The Obama Administration will today propose first of a kind regulations to reduce emissions from the oil and gas industry of methane, a greenhouse gas that’s cited as far worse than carbon dioxide.
The new Environmental Protection Agency rules signal a continuation of Obama’s plan for tackling climate change across the nation’s energy sectors ahead of a pivotal UN climate summit in Paris this December. The aim of the summit is to commit every nation to enact policies to cut greenhouse gases.
The United States has already submitted a plan to the United Nations laying out how it will cut domestic greenhouse gas emissions by up to 28 percent from 2005 levels by 2025.
The EPA’s proposal will call for cutting methane emissions from oil and gas wells and pipeline and processing infrastructure, US media have said.

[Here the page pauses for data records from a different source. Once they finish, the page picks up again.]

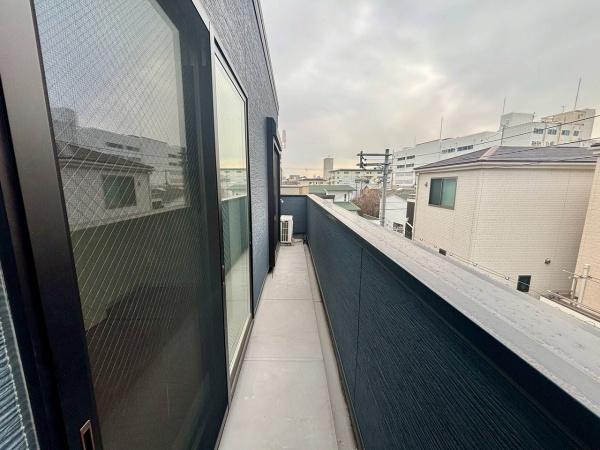 大阪市東住吉区今川2丁目　中古戸建 現地写真（バルコニー）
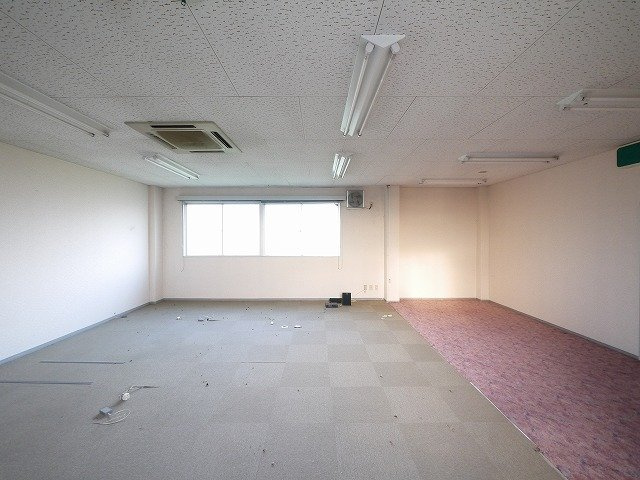 大和紀寺ビル2号館の内装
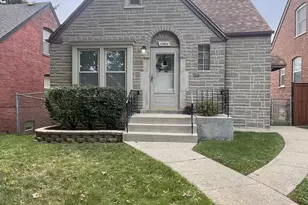 10804 S Ave F, Chicago, IL 60617 - Photo 1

The methane announcement, expected to come late US time on Tuesday, would propose a 40 to 45 percent cut of the methane emissions, compared to 2012 levels, from oil and gas industries by 2025, the Wall Street Journal reported.
US President Barack Obama. (Photo: White House)
“At the direction of President Obama, the EPA is proposing a flexible approach to reducing emissions of the potent greenhouse gas methane and smog-forming volatile organic compounds (VOCs) to combat climate change and reduce air pollution that harms public health,” the agency’s news release ahead of the official announcement stated.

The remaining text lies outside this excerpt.